[TASK TO CARRY OUT]: Each line in the material below, starting at the one that contains "Kia Cerato 120.000 km 3.500 € Berlin 13057" and ending at the one that contains "vigili all’arrivo dei", should be repeated exactly; the pictures should not.

═══ DATA ═══

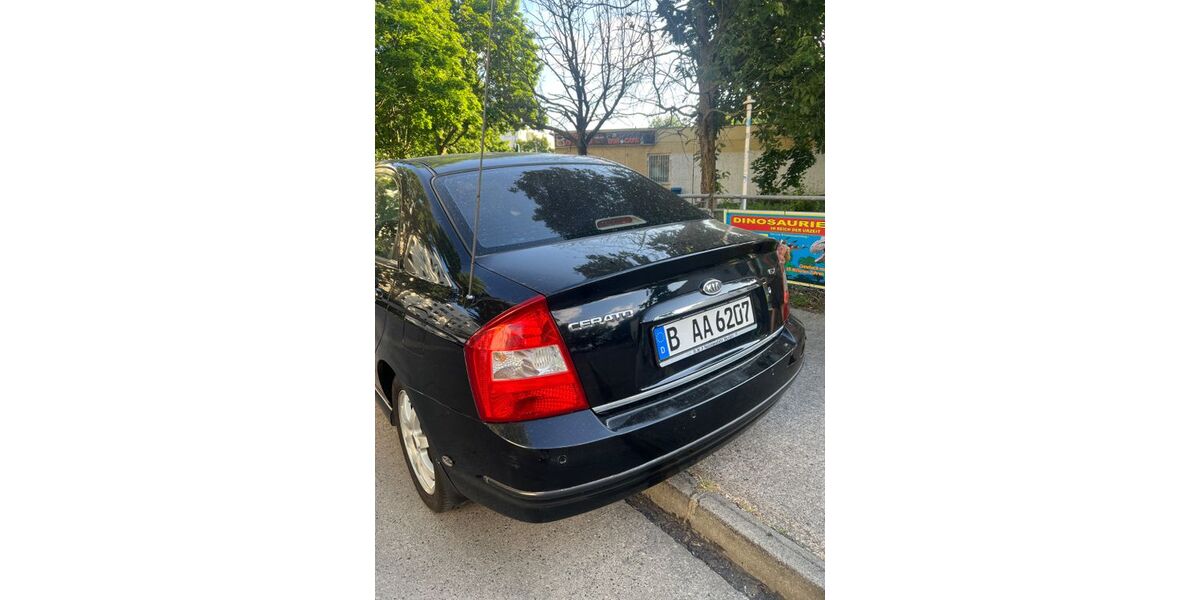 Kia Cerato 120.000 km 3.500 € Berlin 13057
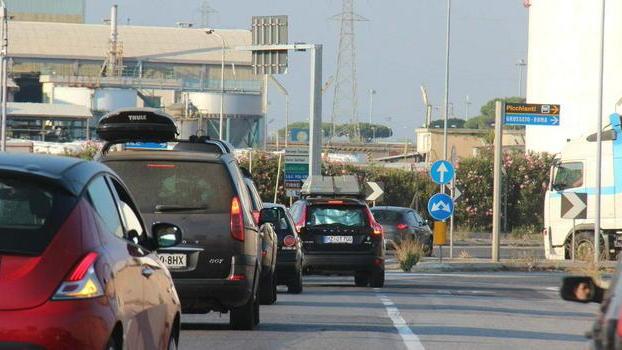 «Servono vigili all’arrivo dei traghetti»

═══
═══ DATA ═══

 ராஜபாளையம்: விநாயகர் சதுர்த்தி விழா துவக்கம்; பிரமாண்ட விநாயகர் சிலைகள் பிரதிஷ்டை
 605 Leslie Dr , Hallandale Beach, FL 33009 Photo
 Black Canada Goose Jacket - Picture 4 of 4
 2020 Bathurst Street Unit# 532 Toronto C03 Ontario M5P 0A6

═══

[EXERCISE RESULT]:
 Kia Cerato 120.000 km 3.500 € Berlin 13057
 «Servono vigili all’arrivo dei traghetti»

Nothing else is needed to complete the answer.